Here is a go at it for the roll_bv() function. The integer parameters wp and ip need to be defined in the module.

   function roll_bv(n, x) result(res)
      real(wp)                :: res(n)
      integer(ip), intent(in) :: n
      real(wp), intent(in)    :: x(:)   ! (1:n)
      integer(ip) :: i1
      real(wp)    :: tmp, t
      tmp = ((pi / 2) * k) / (k - 1)             ! overall scale factor.                                                            
      res(1:k-1) = ieee_value(0.0_wp, ieee_quiet_nan)                                                                            
      t = sum( abs( x(1:k-2) * x(2:k-1) ) )      ! precompute the first terms.                                                      
      do i1 = k, n
         t = t + abs( x(i1-1) * x(i1) )          ! add in the last term.                                                            
         res(i1) = tmp * t
         t = t - abs( x(i1-k+1) * x(i1-k+2) )    ! subtract off the first term.                                                     
   end function roll_bv

This precomputes the overall scale factor as others have suggested. It eliminates the inner do loop, which is the main “optimization” here. It does this by recognizing that a rolling sum was being computed inside that loop. Each successive pass involved the same rolling sum terms except for the first and last elements. So this code separates off those elements and adds and subtracts them as necessary.
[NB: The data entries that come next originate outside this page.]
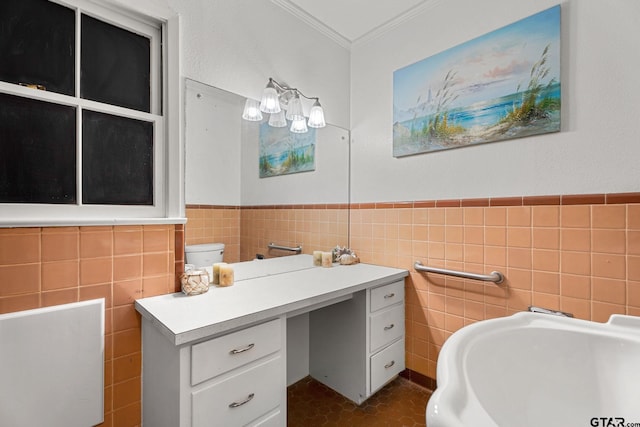 bathroom featuring toilet, tile walls, and ornamental molding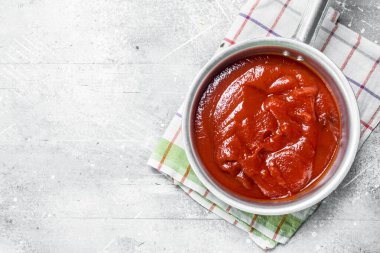 Peçeteli bir tencerede domates sosu. Beyaz rustik arka plan üzerinde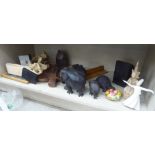 A mixed lot: to include a glass paperweight; and carved wooden animals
I wrote the initial t computation as an array expression here. However, I would turn on compiler warnings about array temporaries, and if any compiler generates an array temporary to evaluate that expression, then I would replace that expression with a do loop, which obviously would not require any temporary array allocations.

For large n values, this algorithm might be less accurate than the original code because errors can accumulate here where they were kept local before. In the actual application, if this is important, then the first and last terms can be added in with the Kahan summation trick to reduce the cumulative errors. If you don’t know what that is, it is worth the time to google it to see how it works. Another possibility might be to declare and compute t in an extended precision, and then convert just when storing into res(:).

Edit: As discussed in the next post, I changed the dummy array declaration to assumed shape.

Here is my attempt at the lm_jump() function.

function lm_jump(n, x, x_roll_bv) result(res)
   integer(ip), intent(in) :: n
   real(wp), intent(in)    :: x(:), x_roll_bv(:)  ! (1:n)                                                                        
   integer(ip) :: i
   real(wp)    :: res, max_z, c, z, log_n
   real(wp), parameter :: log_pi = log(pi), s2log_pi = sqrt(2*log_pi)
   log_n = log(real(n,kind=wp))
   max_z = -huge(max_z)
   do i = 1, n
      max_z = max( max_z, (abs(x(i)) / sqrt(x_roll_bv(i) / (k - 2))) )
   end do
   c = sqrt(2*log_n) / 0.8_wp - (log_pi + log(log_n)) / (1.6_wp * s2log_pi)
   z = (max_z - c) * 0.6_wp * s2log_pi
   res = 1.0_wp - exp(-exp(-z))
end function lm_jump

The main thing here is to eliminate the allocate() for the temporary array whose elements are only referenced once. I left in the do loop, but of course that could be replaced with an array expression. The compiler is probably smart enough to produce the same code in both cases. I probably prefer the do loop in this case to the array expression.

The other things are replacing all of the **(1.0/2.0) with SQRT() and factoring out some constant terms. An optimizing compiler would probably have done that last part anyway, but it also clarifies the code a little to see what is constant and what are variables. I also eliminated the double reciprocal in the expression, as others had already recognized.

I also changed the array declarations to assumed shape. I probably should have done that for the other function too. It isn’t a big deal, but if you were to ever call either of those original functions with an array slice of some kind, it would invoke copy-in/copy-out and would cost some extra overhead. The assumed shape declarations avoid that possibility.

The original codes had an annoying mishmash of real(8) declarations and d exponents. There is no need for that, just declare the integer parameter wp and use it consistently throughout. Then it is easy to change if you want to change kinds, and also there is no chance of mixed kinds in the expressions.